Esta perspectiva securitista se expresa en la multiplicación de los “centros de detención”, ”de retorno”, ”de tránsito” destinados a internar a los migrantes en los lugares de llegada; el incremento de muros y vallas fronterizas (que superan los 18.000 kilómetros en el mundo); la "externalización" del control migratorio, que se manifiesta en la transferencia de fondos destinados al reforzamiento de controles y equipamiento militar para frenar las migraciones en países de origen o de tránsito, llegando en casos como el de Libia al financiamiento de mafias costeras; la prohibición de circulación, desembarco y abastecimiento de las naves rescatistas de ONG en el Mediterráneo; o incluso propuestas imaginativas como las de Dinamarca, que para frenar la ola migratoria desde África, mandó anticonceptivos por valor de US$ 15 millones con el objetivo de controlar la natalidad.
Los miedos
La amenaza del migrante se ha agitado tradicionalmente como la del desplazamiento de la mano de obra nativa, el incremento de la inseguridad, o la utilización desmedida de servicios públicos como la salud o la educación. Todos los estudios objetivos al respecto demuestran la falsedad de estos supuestos efectos negativos.
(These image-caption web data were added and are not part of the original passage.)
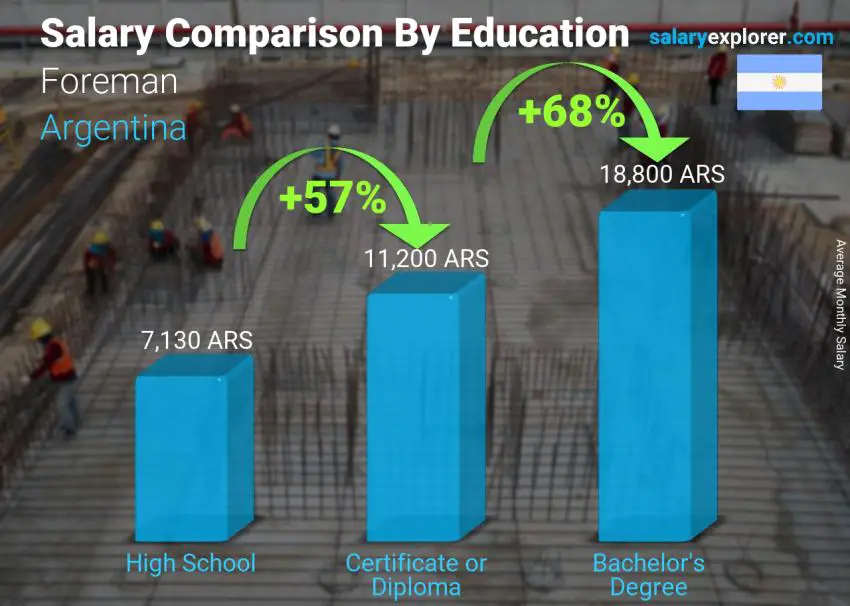 Salary comparison by education level monthly Argentina Foreman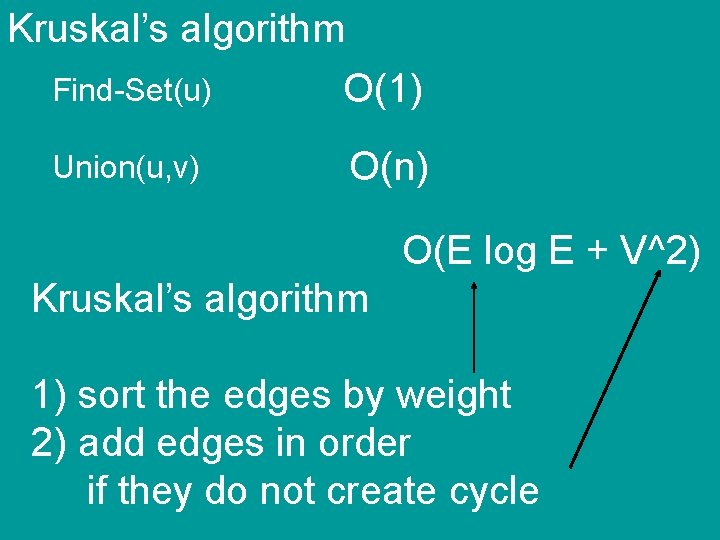 Kruskal’s algorithm Find-Set(u) O(1) Union(u, v) O(n) O(E log E + V^2) Kruskal’s algorithm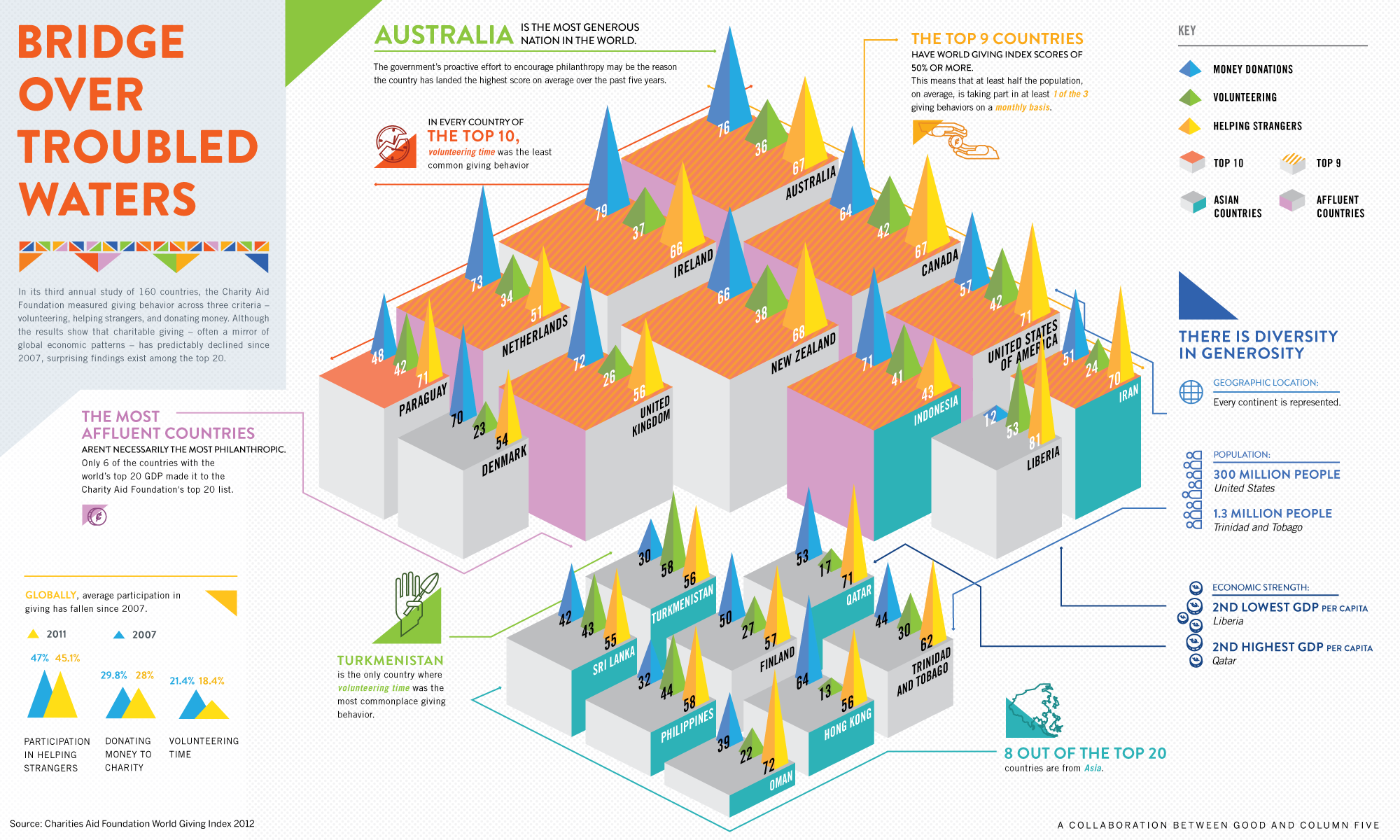 Bridge Over Troubled Water Infographic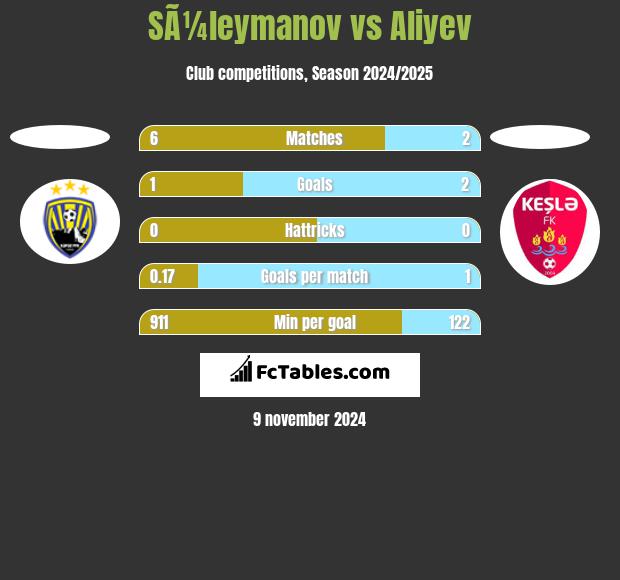 SÃ¼leymanov vs Aliyev h2h player stats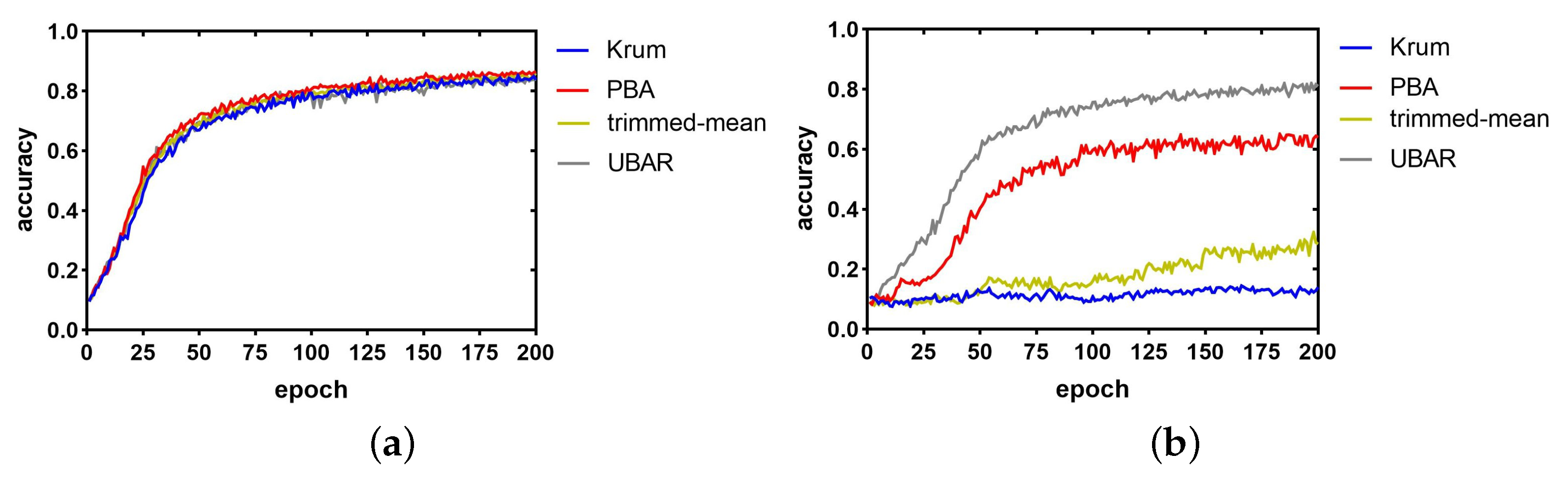 Electronics 12 02951 g005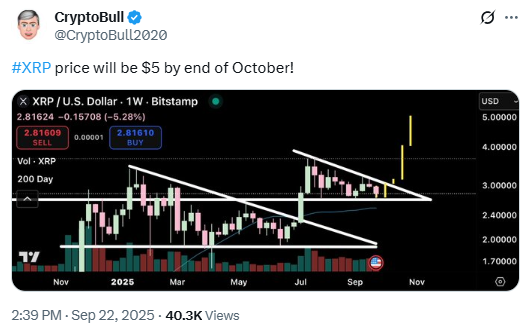 XRP could reach $5 by the end of October 2025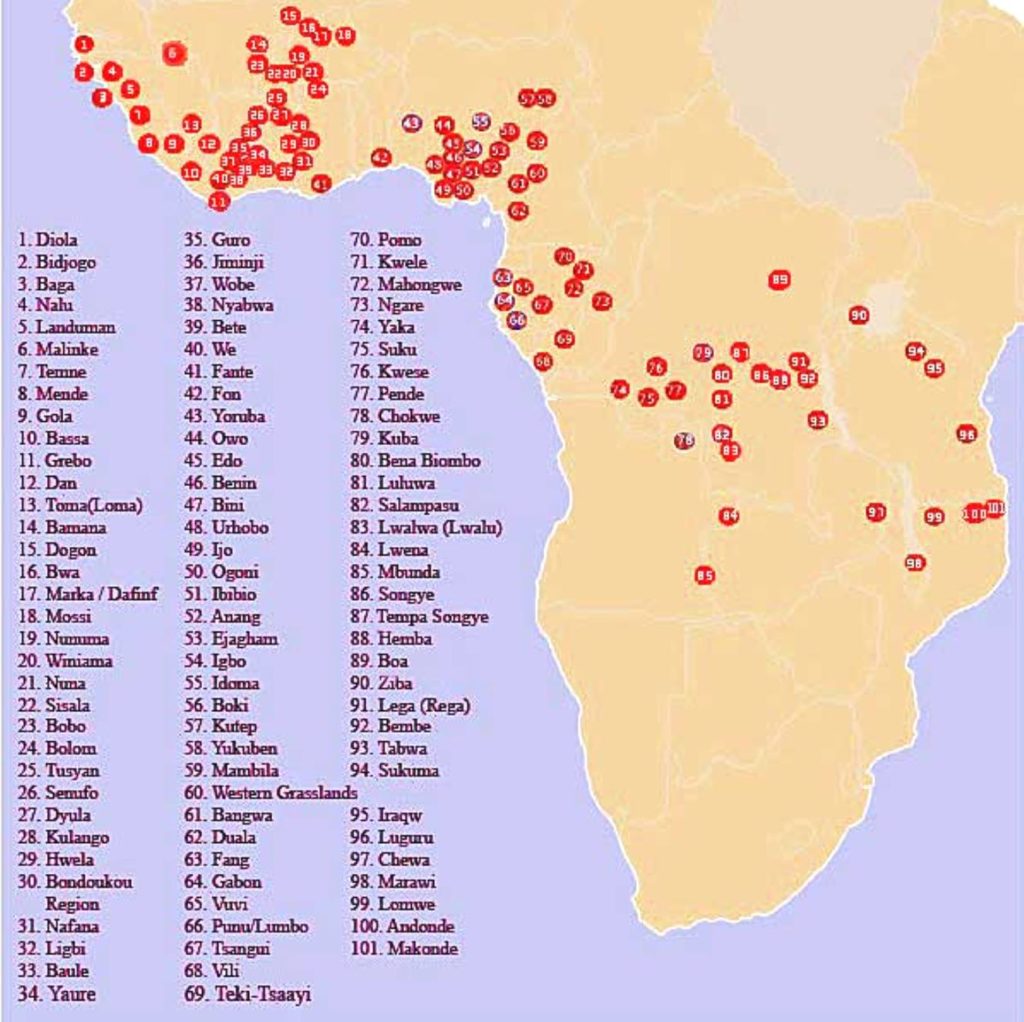 South African Tribes List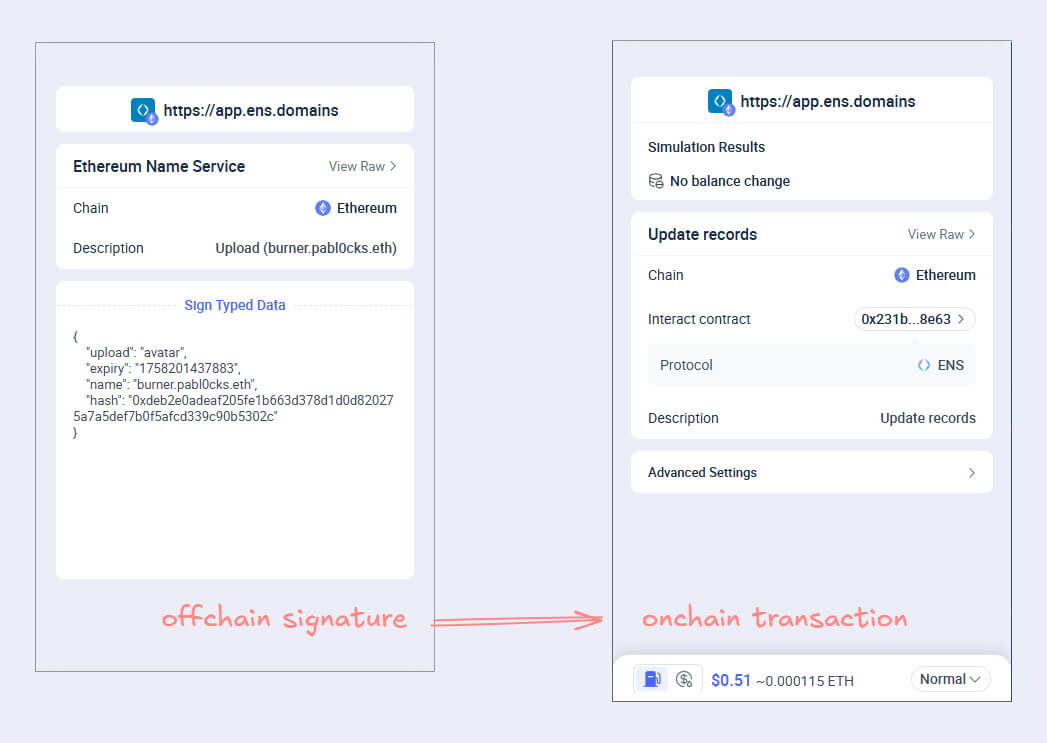 ENS avatar: off-chain signature then on-chain transaction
El cambio producido en las últimas décadas es que la “amenaza migratoria” apunta a la identidad nacional, religiosa y racial.
La afirmación del presidente de Turquía, Recep Erdogan de querer “una Hungría cristiana y blanca” sintetiza el pensamiento de los cada vez más consolidados partidos de extrema derecha europea y también del actual presidente de los Estados Unidos, Donald Trump, quien reconoce que ganó las elecciones gracias a su posición anti migratoria. En una dialéctica perversa, la xenofobia, el fundamentalismo religioso y el racismo han aflorado en amplios sectores de las sociedades europeas y norteamericanas, fomentados y utilizados por el oportunismo político electoral.
Los “caza votos” han encontrado una fuente impensable en la segunda mitad del siglo XX: la discriminación frente al diferente, la autoafirmación esencialista de los orígenes. El peligro no son las migraciones: el peligro es el racismo cada vez más institucionalizado en una parte del mundo supuestamente desarrollado.
Los derechos humanos, en general, y los de los migrantes, en particular, así como el “Pacto para una migración segura, ordenada y regular” propuesto desde las Naciones Unidas parecerían estar quedando cada vez más reducidos al discurso, frente a la eclosión de la reivindicación diferenciadora del origen nacional, de la pertenencia religiosa y del color de la piel.
Hitler decía que “el mestizaje es una degeneración de la humanidad”. Quizás la selección francesa campeona del mundial de futbol, donde 18 de sus 23 jugadores nacieron en el extranjero o son hijos de migrantes, pero se sienten franceses, sea una pequeña señal para entender el valor del mestizaje cultural. Sobre él se construyó la historia humana y –a pesar de los racistas- también será el sustento enriqucedor de su futuro.
(*) Director del Instituto de Políticas de Migraciones y Asilo. Universidad Nacional de Tres de Febrero.